Note that 'AnimalObjBase', 'AnimalObj', and 'DogObj' all share common fields, 
'typeInfo' for all three, and 'name' for the latter two. This means that, given 
a region of memory holding data from one of these three types, we will always 
be able to access the 'typeInfo' field, and given a region of memory holding 
data from AnimalObj or DogObj, we can access the 'name' field (this 
field-sharing is the basis for subtyping).
    
    
    +---------------+   +---------------+   +---------------+
    | AnimalObjBase |   | AnimalObj     |   | DogObj        |
    +---------------+   +---------------+   +---------------+
    | typeInfo      |   | typeInfo      |   | typeInfo      |
    +---------------+   +---------------+   +---------------+
                        | name          |   | name          |
                        +---------------+   +---------------+
                                            | breed         |
                                            +---------------+
    

The typeInfo field is used to mark these regions of memory. As long as every 
AnimalObj's 'typeInfo' member points to 'animalTypeInfo' and every DogObj's 
'typeInfo' member points to 'dogTypeInfo', we can reinterpret (cast) these 
regions of memory to their appropriate types, and pass them into their 
corresponding procedures/methods.

Now lets look at how objects are stored in memory. In contrast to references, 
which are pointers that always point to heap-allocated memory, object data may 
be located either in the heap _or_ the stack. It's this latter case that 
reveals why methods won't work on object types.

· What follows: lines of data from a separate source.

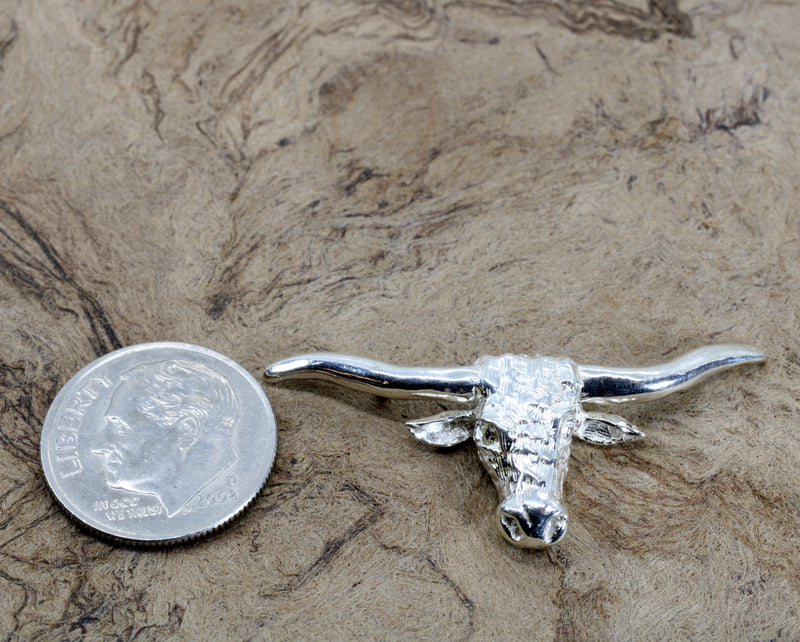 Texas Longhorn Hat Pin For Him with 925 Sterling Silver Longhorn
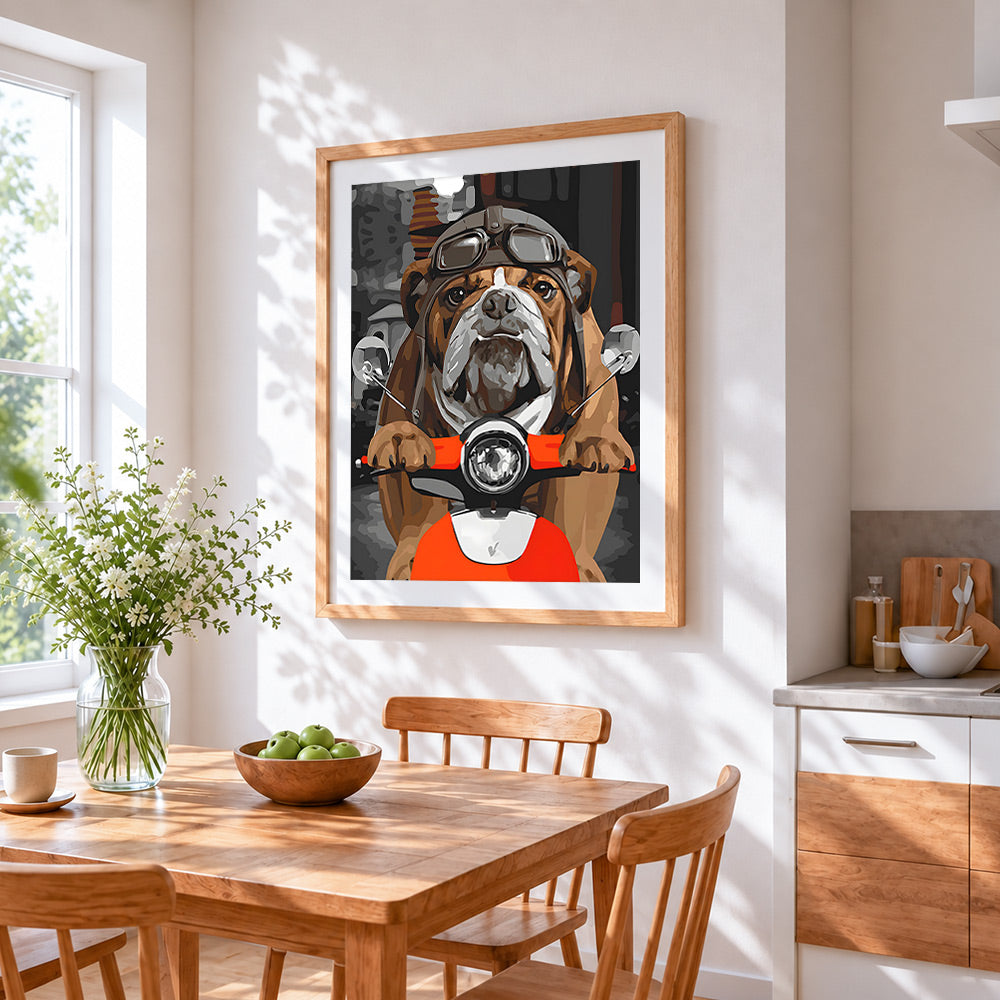 Funny bulldog on a motorbike cross stitch artwork displayed on wall as home decor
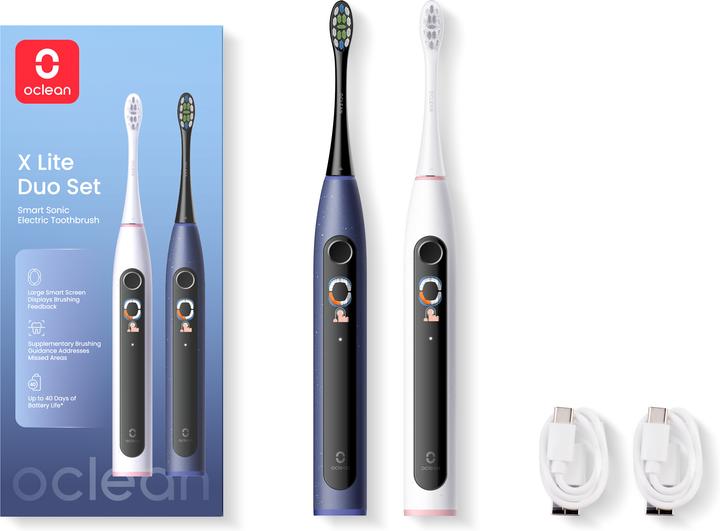 Clean X Lite Smart Sonic Duo Set Elektrische Zahnbürste, grau und blau (Schallzahnbürste)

Say we create Animal and Dog variables in a main method, then pass those 
variables into a procedure which calls the 'makeNoise' method: 
    
    
    method makeNoise(this: AnimalBase)
    
    proc makeLotsOfNoise(someAnimal: Animal):
      makeNoise(someAnimal)
      makeNoise(someAnimal)
      makeNoise(someAnimal)
    
    proc main =
      var animal = Animal(name: "Unknown")
      var dog = Dog(name: "Spot", breed: "Poodle")
      
      makeLotsOfNoise(animal)
      makeLotsOfNoise(dog)
    
    main()
    

When 'main' is called, after the variables are created, the stack holds two 
references that point to regions of heap memory: 
    
    
    main():
      animal: 8 byte pointer -> 16 byte heap memory region
      dog:    8 byte pointer -> 24 byte heap memory region
    

And when makeLotsOfNoise is called, the stack layout looks something like this: 
    
    
    main():
      animal: 8 byte pointer -> 16 byte heap memory region
      dog:    8 byte pointer -> 24 byte heap memory region
      makeLotsOfNoise(someAnimal = animal):
        someAnimal: 8 byte pointer -> 16 byte heap memory region
        makeNoise(this = someAnimal):
          this: 8 byte pointer -> 16 byte heap memory region
          ...
      makeLotsOfNoise(someAnimal = dog):
        someAnimal: 8 byte pointer -> 24 byte heap memory region
        makeNoise(this = someAnimal):
          this: 8 byte pointer -> 24 byte heap memory region
          ...
    

Make note of the size of the parameter passed into 'makeLotsOfNoise' \- it's 
always an 8 byte pointer. This is a constraint of how procedure calls work, as 
the size of the parameters usually needs to be known ahead of time. 
Furthermore, the semantics of procedure calls must allow for the possibility 
(even if optimization decides otherwise) for parameter data to be copied from 
the previous procedure frame to the current procedure frame.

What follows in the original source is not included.